**Work task**:
The result should be the line with "Cape Horn 47 Yacht For Sale" followed by every remaining line of the entries, each reproduced exactly, with nothing else.

[Crawled caption data]
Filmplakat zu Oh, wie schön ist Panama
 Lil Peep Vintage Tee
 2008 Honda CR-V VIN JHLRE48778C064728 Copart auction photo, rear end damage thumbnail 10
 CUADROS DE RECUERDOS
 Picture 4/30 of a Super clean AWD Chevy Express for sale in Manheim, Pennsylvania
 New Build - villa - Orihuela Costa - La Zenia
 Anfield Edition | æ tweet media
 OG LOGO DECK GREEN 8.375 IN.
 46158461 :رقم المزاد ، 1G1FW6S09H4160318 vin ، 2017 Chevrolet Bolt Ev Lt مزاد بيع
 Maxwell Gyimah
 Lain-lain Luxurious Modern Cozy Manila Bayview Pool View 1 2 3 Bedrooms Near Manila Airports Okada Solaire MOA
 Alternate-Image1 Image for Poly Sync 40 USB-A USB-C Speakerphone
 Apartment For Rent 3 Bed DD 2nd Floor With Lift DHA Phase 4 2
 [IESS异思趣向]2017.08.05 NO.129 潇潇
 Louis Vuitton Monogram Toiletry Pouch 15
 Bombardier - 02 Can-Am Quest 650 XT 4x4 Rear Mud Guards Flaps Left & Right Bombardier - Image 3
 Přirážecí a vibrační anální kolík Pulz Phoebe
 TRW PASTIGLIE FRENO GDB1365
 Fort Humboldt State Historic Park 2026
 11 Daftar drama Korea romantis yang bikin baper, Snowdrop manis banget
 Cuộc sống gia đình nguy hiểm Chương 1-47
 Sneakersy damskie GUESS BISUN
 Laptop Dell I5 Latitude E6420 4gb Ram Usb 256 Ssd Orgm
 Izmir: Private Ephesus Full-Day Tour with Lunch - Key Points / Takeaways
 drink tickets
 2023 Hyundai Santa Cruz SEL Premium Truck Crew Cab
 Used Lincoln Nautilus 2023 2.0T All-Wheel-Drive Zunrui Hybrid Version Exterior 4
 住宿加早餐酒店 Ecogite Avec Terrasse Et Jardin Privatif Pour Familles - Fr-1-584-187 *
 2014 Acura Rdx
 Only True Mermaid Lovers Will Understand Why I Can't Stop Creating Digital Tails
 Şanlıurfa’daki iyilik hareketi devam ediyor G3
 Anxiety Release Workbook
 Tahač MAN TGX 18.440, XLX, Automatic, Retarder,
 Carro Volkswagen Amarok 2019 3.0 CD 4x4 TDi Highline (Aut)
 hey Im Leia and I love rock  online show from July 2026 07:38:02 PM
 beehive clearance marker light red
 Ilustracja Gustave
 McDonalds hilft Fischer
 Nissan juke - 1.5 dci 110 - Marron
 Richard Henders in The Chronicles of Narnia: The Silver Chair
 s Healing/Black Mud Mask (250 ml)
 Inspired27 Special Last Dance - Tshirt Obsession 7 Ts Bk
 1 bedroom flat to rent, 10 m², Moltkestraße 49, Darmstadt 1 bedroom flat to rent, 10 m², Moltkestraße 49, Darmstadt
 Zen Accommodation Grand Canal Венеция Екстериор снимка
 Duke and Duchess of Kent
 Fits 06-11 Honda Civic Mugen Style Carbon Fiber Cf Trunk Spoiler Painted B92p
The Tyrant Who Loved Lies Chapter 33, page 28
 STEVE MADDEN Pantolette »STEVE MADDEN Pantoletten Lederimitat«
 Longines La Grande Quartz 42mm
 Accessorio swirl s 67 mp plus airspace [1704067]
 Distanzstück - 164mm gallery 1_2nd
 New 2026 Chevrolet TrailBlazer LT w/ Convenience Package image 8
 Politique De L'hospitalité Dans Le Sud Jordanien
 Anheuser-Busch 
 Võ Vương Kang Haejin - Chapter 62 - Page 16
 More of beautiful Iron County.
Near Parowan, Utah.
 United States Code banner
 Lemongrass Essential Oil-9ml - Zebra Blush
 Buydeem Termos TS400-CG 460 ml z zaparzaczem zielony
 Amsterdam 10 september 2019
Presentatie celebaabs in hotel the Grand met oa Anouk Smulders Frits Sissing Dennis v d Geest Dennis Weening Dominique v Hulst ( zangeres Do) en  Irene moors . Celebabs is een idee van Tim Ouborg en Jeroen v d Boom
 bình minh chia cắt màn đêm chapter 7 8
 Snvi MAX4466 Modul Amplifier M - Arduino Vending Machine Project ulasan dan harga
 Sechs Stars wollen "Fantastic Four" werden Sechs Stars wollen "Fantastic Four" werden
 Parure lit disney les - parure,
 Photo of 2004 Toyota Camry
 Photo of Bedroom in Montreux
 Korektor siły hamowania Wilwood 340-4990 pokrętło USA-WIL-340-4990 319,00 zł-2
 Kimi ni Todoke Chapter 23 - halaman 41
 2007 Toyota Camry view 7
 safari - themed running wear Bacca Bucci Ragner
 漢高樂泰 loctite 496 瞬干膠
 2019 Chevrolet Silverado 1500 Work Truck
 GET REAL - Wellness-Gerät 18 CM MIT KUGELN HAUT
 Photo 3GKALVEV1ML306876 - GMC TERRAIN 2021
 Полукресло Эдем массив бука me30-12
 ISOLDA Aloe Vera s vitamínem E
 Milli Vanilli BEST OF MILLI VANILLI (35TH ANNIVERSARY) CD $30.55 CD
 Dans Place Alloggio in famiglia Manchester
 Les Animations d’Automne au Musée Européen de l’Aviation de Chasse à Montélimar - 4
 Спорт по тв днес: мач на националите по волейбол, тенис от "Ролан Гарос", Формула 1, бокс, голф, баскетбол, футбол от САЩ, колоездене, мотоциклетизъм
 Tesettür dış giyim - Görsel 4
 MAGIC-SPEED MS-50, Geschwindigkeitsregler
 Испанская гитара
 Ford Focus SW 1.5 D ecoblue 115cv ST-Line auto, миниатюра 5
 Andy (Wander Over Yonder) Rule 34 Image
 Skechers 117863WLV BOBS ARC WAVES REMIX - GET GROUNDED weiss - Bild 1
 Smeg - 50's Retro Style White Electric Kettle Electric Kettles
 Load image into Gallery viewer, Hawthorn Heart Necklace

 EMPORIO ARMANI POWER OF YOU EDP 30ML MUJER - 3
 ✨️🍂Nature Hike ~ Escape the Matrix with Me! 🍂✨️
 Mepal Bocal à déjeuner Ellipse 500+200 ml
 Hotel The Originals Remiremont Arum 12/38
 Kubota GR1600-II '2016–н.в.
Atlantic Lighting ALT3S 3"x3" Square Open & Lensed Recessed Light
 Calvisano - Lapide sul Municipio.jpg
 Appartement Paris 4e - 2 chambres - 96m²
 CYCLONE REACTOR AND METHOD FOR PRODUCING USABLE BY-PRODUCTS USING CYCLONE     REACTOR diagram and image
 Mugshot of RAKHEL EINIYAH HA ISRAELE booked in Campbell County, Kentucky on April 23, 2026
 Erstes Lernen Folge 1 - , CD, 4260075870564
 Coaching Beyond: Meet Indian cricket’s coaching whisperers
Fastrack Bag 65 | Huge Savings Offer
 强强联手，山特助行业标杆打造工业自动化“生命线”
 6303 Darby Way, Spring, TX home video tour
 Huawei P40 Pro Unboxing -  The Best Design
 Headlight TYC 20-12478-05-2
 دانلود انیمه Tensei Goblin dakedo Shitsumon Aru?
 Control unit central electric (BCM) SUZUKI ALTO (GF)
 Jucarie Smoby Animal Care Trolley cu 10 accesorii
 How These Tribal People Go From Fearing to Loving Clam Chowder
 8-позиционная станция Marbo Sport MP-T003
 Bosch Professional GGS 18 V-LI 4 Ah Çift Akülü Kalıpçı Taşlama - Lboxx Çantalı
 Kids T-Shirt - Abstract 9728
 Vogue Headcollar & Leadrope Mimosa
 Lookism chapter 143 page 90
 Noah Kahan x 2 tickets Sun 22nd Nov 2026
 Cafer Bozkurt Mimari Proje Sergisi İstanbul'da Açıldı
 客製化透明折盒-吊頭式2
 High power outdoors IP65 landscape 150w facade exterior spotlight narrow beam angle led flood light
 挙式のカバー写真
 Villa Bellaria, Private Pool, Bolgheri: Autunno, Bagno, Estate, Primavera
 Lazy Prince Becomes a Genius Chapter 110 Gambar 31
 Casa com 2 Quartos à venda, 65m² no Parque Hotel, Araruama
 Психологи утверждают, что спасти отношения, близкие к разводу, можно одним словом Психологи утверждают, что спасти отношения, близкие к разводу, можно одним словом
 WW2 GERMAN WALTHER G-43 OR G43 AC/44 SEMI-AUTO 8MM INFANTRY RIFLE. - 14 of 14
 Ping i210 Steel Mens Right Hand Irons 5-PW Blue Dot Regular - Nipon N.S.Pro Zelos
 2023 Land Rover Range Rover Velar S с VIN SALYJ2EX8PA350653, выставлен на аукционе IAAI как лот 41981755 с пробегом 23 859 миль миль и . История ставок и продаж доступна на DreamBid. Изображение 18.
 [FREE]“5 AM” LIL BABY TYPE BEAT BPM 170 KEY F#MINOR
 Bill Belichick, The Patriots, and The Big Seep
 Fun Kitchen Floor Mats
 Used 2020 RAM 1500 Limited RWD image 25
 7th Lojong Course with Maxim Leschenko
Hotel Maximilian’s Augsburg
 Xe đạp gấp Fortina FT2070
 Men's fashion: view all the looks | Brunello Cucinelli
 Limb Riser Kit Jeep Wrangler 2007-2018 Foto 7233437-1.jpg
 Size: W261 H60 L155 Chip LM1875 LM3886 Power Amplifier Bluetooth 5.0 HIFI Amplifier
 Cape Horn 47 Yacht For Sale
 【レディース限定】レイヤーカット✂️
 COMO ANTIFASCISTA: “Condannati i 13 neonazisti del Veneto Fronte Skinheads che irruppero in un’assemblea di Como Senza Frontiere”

**Response to the task**:
 Cape Horn 47 Yacht For Sale
 【レディース限定】レイヤーカット✂️
 COMO ANTIFASCISTA: “Condannati i 13 neonazisti del Veneto Fronte Skinheads che irruppero in un’assemblea di Como Senza Frontiere”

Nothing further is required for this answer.